Jakarta, Aktual.com – Otoritas Jasa Keuangan (OJK) seperti memaksa agar pengelola dana investasi menyisihkan dananya 30 persen untuk menyerap Surat Berharga Negara (SBN) baik itu Surat Utang Negara (SUN) maupun Surat Berharga Syariah Negara (SBSN). Menurut Ketua Umum AAJI, Hendrisman Rahim, pihaknya merasa keberatan untuk menyerap SBN hingga 30 persen di tahun ini.

Sebab, dana publik yang dikelolanya itu biasanya ditempatkan di instrumen investasi yang memiliki imbal hasil (yield) yang tinggi.

“Untuk SBN tahun kemarin saja kita belum sampai 20 persen, tapi dipaksa untuk bisa genjot 30 persen. Karena dana investasi ke yang lain juga meningkat. Jadi jika dipaksa untuk segera bisa penuhi 30 persen akan sulit,” keluh dia di Jakarta, Rabu (24/1).

Pihaknya sudah minta relaksasi ke OJK. Meksi pihaknya siap untuk memenugi kewajiban 30 persen itu, tapi jika di tahun ini pun masih akan kesulitan. Karena bagi mereka, perlu dikaji lagi filosofinya, kenapa harus melalui SBN? Karena untuk ikut membangun negeri ini, tak mesti lewat SBN.

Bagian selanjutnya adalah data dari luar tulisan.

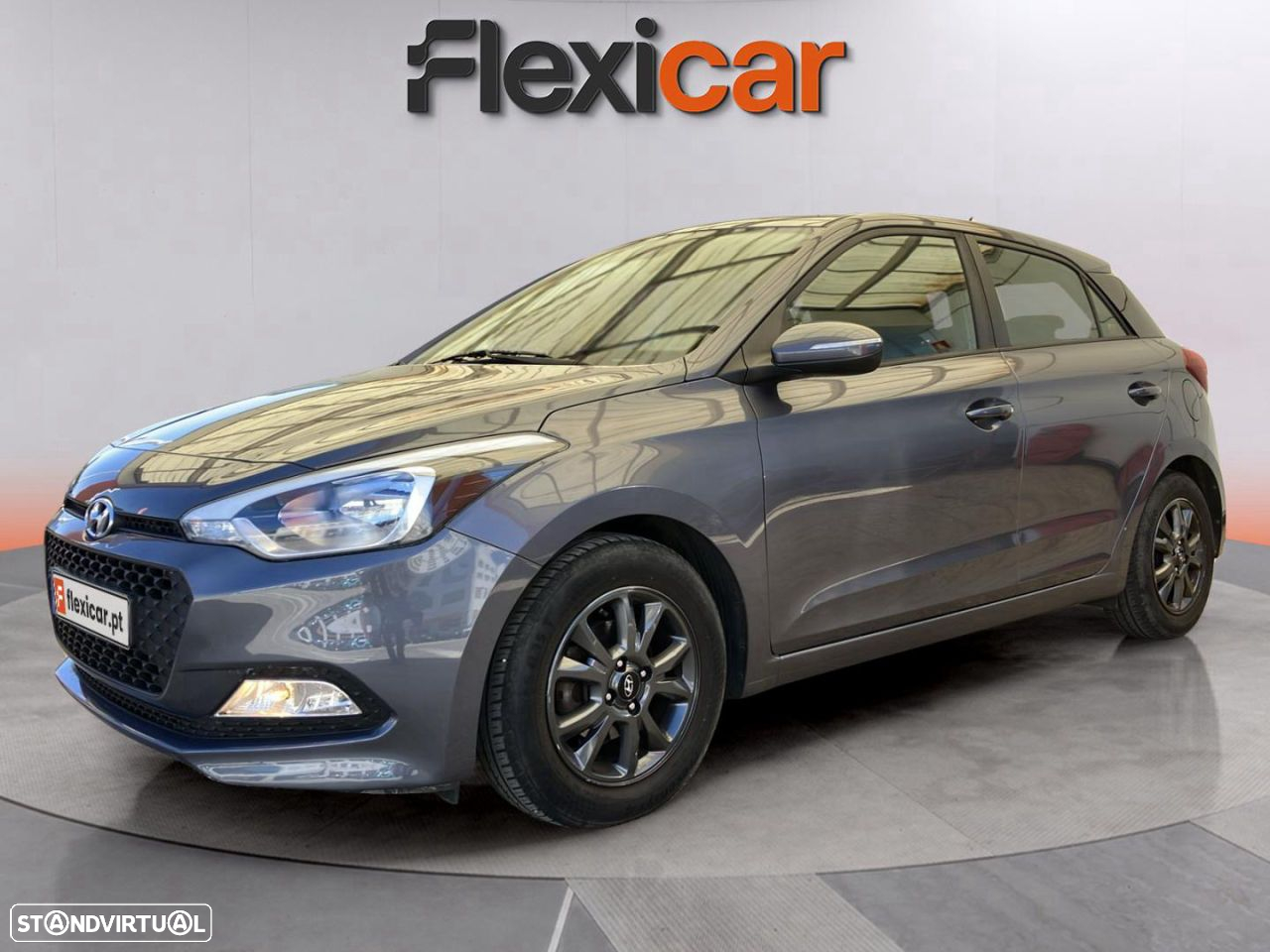 Hyundai i20 1.2 Blue Classic - 5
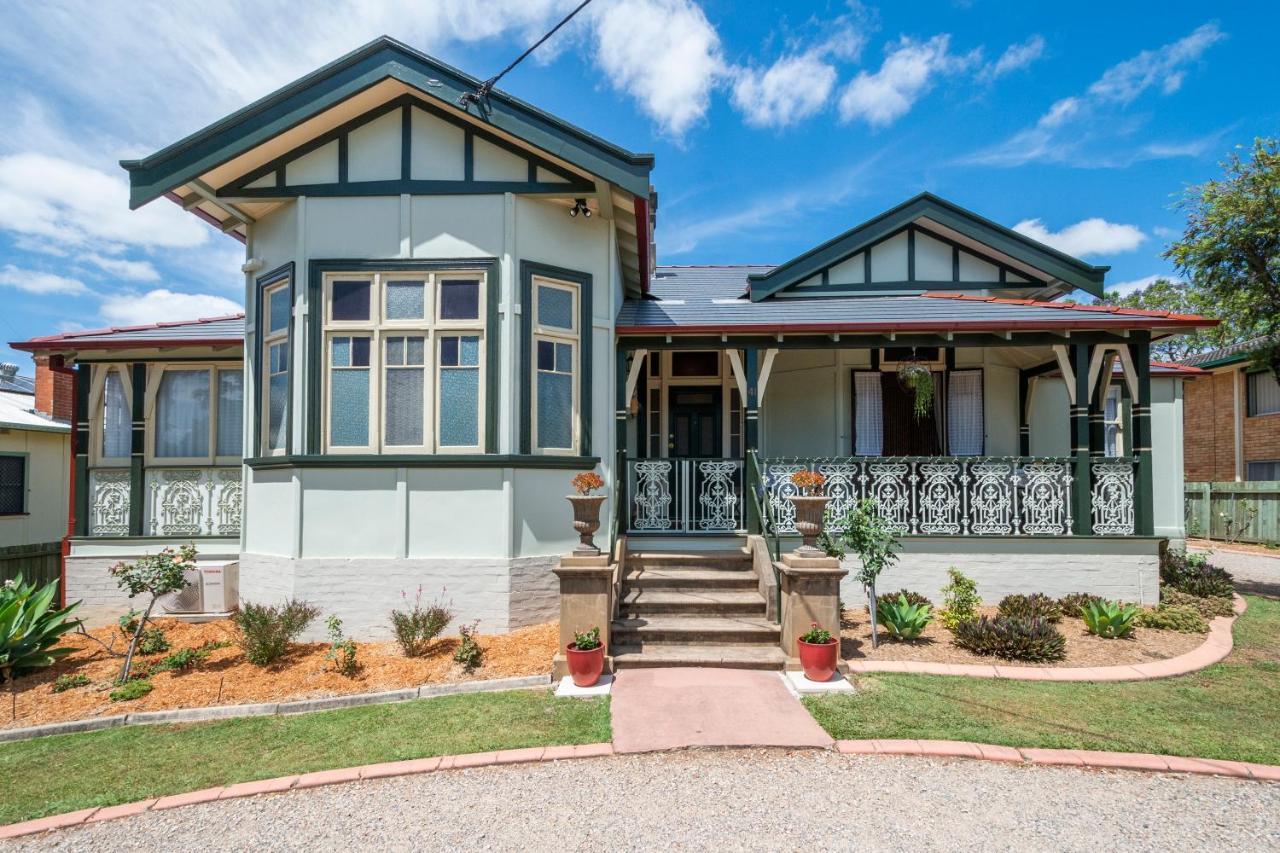The Rosary Bed & Breakfast Графтън Екстериор снимка
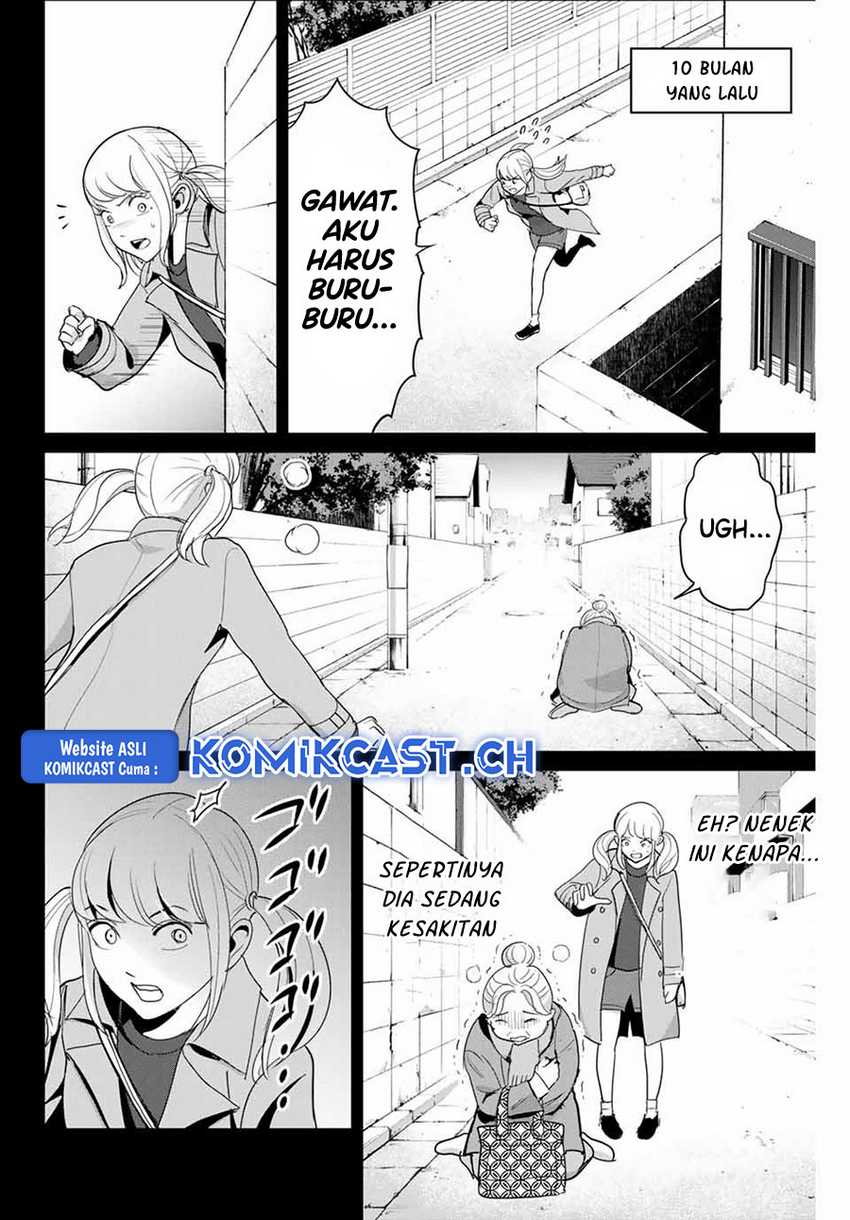 Fukushuu no Kyoukasho Chapter 73 Gambar 5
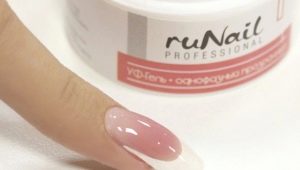 Single-phase nail gel: ano ito at kung paano gamitin?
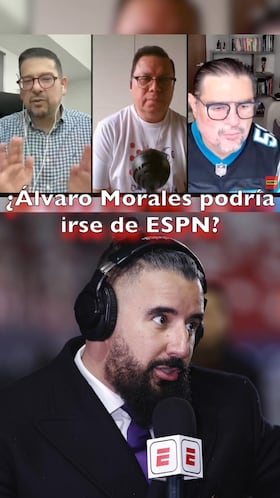 ¿Álvaro Morales, a Fox? La televisora reveló si llega nuevo talento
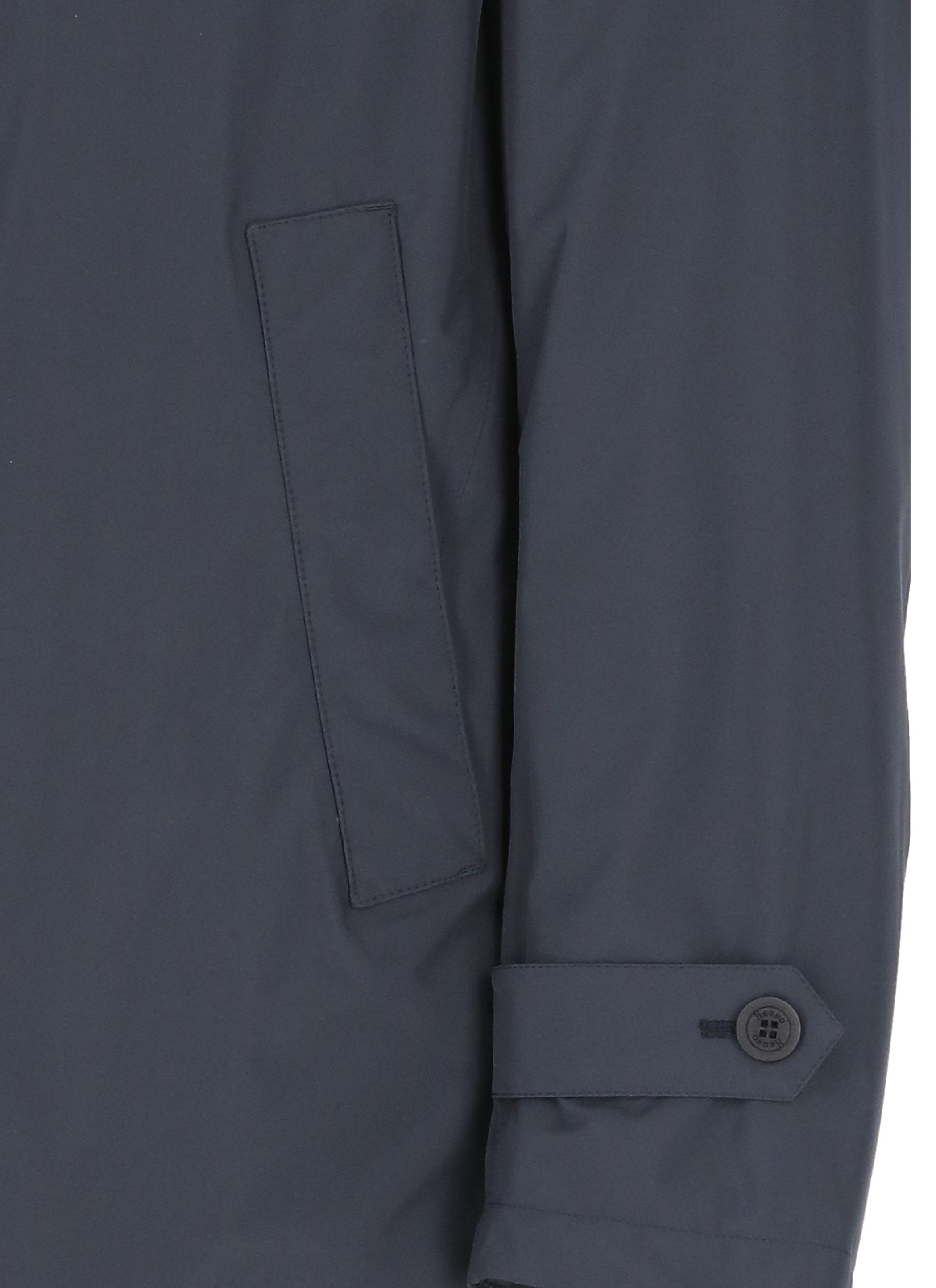 Herno Coats Blue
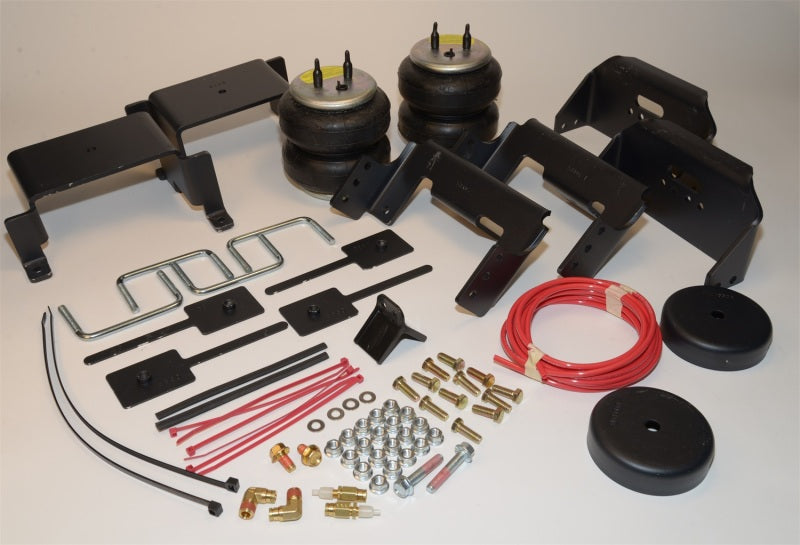 Firestone Ride-Rite Air Helper Spring Kit Rear 05-18 Ford F-150 2WD/4WD (Not Raptor) (W217602582) Firestone Ride-Rite Air Helper Spring Kit Rear 05-18 Ford F-150 2WD/4WD (Not Raptor) (W217602582)
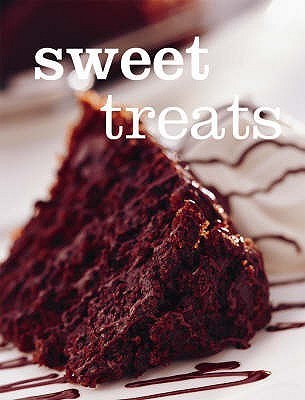 Book cover of Sweet Treats by Various
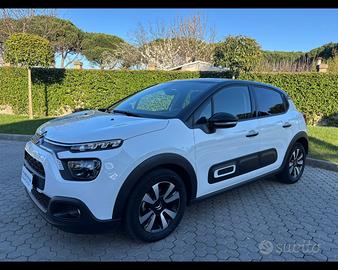 CITROEN C3 III 2017 - C3 1.2 puretech Shine U8606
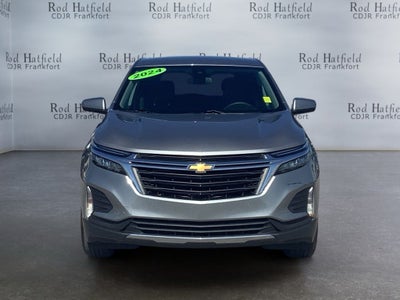 2024 Chevrolet Equinox FWD LT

“Makanya mohon dilihat lagi filosofinya. Karena pada intinya industri ini sudah support pembangunan Indonesia, tapi jangan hanya dilihat dari pembelian SBN saja,” pinta dia.

Sementara untuk investasi secara umum di tahun lalu diperkirakan mengalami pertumbuhan di atas kenaikan Indeks Harga Saham Gabungan (iHSG) yang mencapai 20 persen.

“Menurut pandangan kami, pertumbuhan (hasil investasi asuransi jiwa) di atas IHSG. Di atas 20 persen diperkirakan,” katanya.

Dia mengungkapkan, berdasarkan data terakhir yang dihimpun AAJI, total aset asuransi jiwa mencapai Rp496 triliun, sedangkan secara industri mencapai sebesar Rp1.200 triliun. “Dana ini yang bisa kami gunakan untuk investasi dan bisa untuk pembangunan infrastruktur,” ujar Hendrisman.

Lebih lanjut dia memperkirakan, pertumbuhan premi industri asuransi jiwa di 2017 akan mencapai 21 persen. “Kami yakin pertumbuhan industri asuransi jiwa di 2017 akan bertumbuh sekitar 10-30 persen,” ucap Hendrisman.